Auch Cap-Anamur-Gründer Rupert Neudeck, vor zwei Jahren aus der Leitung der Hilfsorganisation ausgeschieden, übte scharfe Kritik an seinen Nachfolgern: er sei "erschüttert", daß "die spektakuläre Rettung von Bootsflüchtlingen zumindest teilweise für die Medien inszeniert wurde". Möglicherweise sogar nicht nur für die Medien, sondern mit ihrer tatkräftigen Mitwirkung! Wie sonst ist es zu erklären, daß hochprofessionellen Fernsehjournalisten tagelang an all diesen unglaubwürdigen Inszenierungen nichts aufgefallen sein soll; so naiv können die sonst so "kritischen Geister" doch eigentlich nicht sein.

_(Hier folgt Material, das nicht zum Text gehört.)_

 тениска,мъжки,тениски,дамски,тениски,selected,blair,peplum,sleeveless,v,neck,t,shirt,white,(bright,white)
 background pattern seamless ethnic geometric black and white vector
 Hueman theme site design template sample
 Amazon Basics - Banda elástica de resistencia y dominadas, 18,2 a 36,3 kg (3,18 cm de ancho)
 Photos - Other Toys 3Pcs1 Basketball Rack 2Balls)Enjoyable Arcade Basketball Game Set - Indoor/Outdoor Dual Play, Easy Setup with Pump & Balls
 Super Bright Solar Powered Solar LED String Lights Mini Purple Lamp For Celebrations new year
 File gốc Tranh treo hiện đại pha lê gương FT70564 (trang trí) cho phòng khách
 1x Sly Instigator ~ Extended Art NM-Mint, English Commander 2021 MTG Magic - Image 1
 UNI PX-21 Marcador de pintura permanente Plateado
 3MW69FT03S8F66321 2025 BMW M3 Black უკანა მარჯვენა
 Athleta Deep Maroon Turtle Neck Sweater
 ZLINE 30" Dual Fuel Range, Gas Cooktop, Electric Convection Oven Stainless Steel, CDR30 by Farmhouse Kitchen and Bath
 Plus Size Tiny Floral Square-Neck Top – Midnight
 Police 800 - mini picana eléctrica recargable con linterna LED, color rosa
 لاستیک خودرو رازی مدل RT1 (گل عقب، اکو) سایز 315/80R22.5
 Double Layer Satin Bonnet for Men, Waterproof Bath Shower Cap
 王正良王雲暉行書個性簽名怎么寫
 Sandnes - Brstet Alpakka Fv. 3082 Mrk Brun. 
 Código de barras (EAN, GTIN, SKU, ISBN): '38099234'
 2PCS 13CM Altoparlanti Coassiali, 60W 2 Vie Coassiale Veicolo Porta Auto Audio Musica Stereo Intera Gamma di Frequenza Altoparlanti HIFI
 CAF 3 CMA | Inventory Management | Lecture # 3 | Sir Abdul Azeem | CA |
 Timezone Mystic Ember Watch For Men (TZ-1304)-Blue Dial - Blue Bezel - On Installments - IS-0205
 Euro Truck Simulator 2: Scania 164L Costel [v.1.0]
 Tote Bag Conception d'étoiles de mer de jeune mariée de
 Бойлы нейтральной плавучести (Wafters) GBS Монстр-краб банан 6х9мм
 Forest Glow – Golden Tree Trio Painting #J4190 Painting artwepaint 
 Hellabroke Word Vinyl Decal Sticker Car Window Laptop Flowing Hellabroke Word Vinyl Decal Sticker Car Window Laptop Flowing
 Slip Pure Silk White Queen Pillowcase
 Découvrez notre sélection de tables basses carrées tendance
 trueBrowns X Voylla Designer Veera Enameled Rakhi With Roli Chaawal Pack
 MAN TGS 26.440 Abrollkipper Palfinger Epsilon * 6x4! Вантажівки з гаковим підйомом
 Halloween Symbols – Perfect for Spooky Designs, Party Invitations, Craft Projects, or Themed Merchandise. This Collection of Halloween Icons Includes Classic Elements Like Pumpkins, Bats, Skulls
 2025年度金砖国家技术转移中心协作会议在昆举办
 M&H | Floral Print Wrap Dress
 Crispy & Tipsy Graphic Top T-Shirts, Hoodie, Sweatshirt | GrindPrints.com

In Berlin stößt die PR-Aktion inzwischen auf herbe Ablehnung. Der Unionsabgeordnete Wolfgang Bosbach wirft Cap Anamur vor, den Schleuserbanden in die Hände zu spielen; die würden dann "noch bessere Geschäfte machen". Ähnlich äußerte sich Schilys Pressesprecher: "Cap Anamur fördert bei Afrikanern die Illusion, sie kämen über das Meer sicher nach Europa. Aber die meisten verdursten und ertrinken." Der langjährige SPD-Abgeordnete Freimut Duve befand, es sei "fahrlässig, leichthin mit dem Etikett des Genozid-Opfers zu hantieren, um medial zu wirken". Duves Wort hat besonderes Gewicht: Er hat in den 90er Jahren gemeinsam mit Elfie Wörner und Christian Schwarz-Schilling vorbildliche humanitäre Arbeit in Ex-Jugoslawien geleistet.

Was mag das einst so renommierte Hilfskomitee bewogen haben, zu solch unsauberen Mitteln zu greifen? Ein Verdacht wird vorerst nur hinter vorgehaltener Hand geäußert: Ebbe auf den Spendenkonten - da brauchte man eben eine spektakuläre Aktion, um die spendenmüden Deutschen aufzurütteln.